Two topics impact everyone, whether you are interested in them or not: health and money.
The health care industry is a triumph of modern science, with rising life expectancy across the world. Scientific discoveries have replaced doctors’ old ideas about how the human body works, and virtually everyone is healthier because of it.
The money industry—investing, personal finance, business planning—is another story.
Finance has scooped up the smartest minds coming from top universities over the last two decades. Financial Engineering was the most popular major in Princeton’s School of Engineering a decade ago. Is there any evidence it has made us better investors?
I have seen none.
Through collective trial and error over the years we learned how to become better farmers, skilled plumbers, and advanced chemists. But has trial and error taught us to become better with our personal finances? Are we less likely to bury ourselves in debt? More likely to save for a rainy day? Prepare for retirement? Have realistic views about what money does, and doesn’t do, to our happiness?
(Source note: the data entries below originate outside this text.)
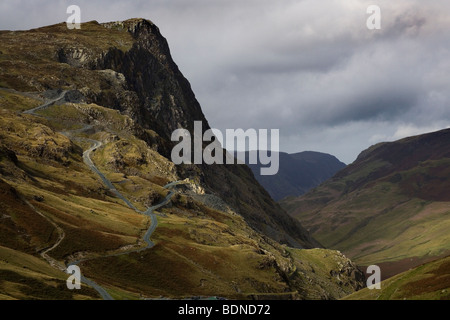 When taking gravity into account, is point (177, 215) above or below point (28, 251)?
above

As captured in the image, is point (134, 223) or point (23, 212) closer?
point (23, 212)

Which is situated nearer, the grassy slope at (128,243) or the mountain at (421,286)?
the mountain at (421,286)

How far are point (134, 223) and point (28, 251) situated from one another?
51195 millimetres

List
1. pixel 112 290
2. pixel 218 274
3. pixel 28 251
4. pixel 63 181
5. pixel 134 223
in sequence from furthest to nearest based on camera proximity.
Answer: pixel 63 181
pixel 134 223
pixel 218 274
pixel 28 251
pixel 112 290

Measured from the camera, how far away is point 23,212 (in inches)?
4688

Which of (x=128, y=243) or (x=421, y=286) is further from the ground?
(x=128, y=243)

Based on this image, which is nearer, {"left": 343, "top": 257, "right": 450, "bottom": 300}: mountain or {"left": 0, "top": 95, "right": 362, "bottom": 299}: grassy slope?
{"left": 343, "top": 257, "right": 450, "bottom": 300}: mountain

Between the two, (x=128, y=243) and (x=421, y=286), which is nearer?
(x=421, y=286)

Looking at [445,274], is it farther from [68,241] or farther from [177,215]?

I’ve seen no compelling evidence.
Most of the reason why, I believe, is that we think about and are taught about money in ways that are too much like physics (with rules and laws) and not enough like psychology (with emotions and nuance).
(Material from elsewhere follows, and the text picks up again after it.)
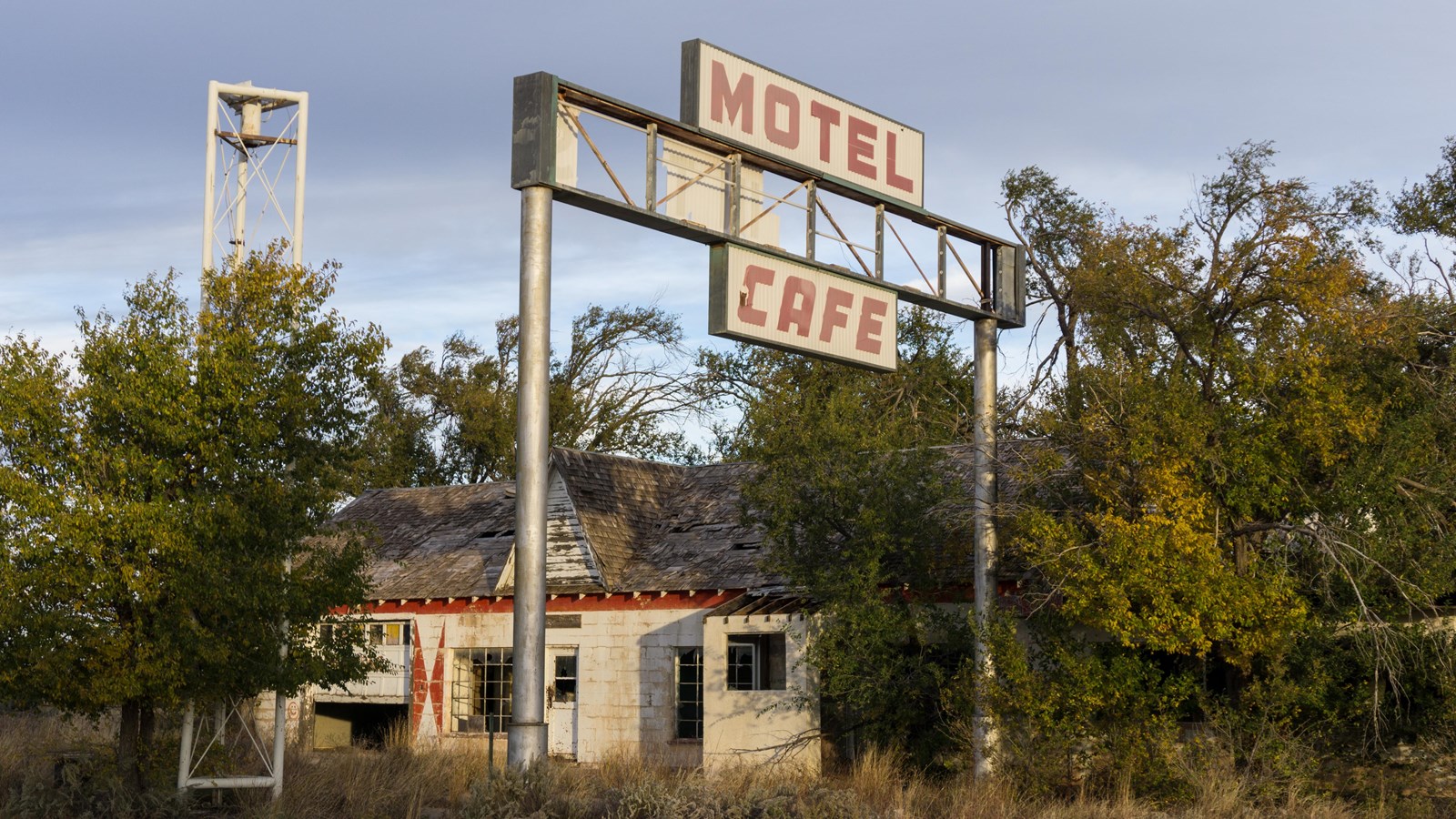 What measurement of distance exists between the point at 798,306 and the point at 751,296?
2.42 ft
And that, to me, is as fascinating as it is important.
Money is everywhere, it affects all of us, and confuses most of us. Everyone thinks about it a little differently. It offers lessons on things that apply to many areas of life, like risk, confidence, and happiness. Few topics offer a more powerful magnifying glass that helps explain why people behave the way they do than money. It is one of the greatest shows on Earth.
My own appreciation for the psychology of money is shaped by more than a decade of writing on the topic.
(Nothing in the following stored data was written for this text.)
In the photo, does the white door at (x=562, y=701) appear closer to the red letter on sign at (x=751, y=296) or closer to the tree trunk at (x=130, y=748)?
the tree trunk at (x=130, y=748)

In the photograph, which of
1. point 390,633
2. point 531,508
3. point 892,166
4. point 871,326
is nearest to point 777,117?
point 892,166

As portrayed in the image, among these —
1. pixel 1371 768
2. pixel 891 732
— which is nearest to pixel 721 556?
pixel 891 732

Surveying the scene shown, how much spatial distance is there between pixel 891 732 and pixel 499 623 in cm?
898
I began writing about finance in early 2008. It was the dawn of a financial crisis and the worst recession in 80 years.
To write about what was happening, I wanted to figure out what was happening. But the first thing I learned after the financial crisis was that no one could accurately explain what happened, or why it happened, let alone what should be done about it. For every good explanation there was an equally convincing rebuttal.
Engineers can determine the cause of a bridge collapse because there’s agreement that if a certain amount of force is applied to a certain area, that area will break.
Physics isn’t controversial. It’s guided by laws. Finance is different. It’s guided by people’s behaviors. And how I behave might make sense to me but look crazy to you.
The more I studied and wrote about the financial crisis, the more I realized that you could understand it better through the lenses of psychology and history, not finance.
To grasp why people bury themselves in debt you don’t need to study interest rates; you need to study the history of greed, insecurity, and optimism. To get why investors sell out at the bottom of a bear market you don’t need to study the math of expected future returns; you need to think about the agony of looking at your family and wondering if your investments are imperiling their future.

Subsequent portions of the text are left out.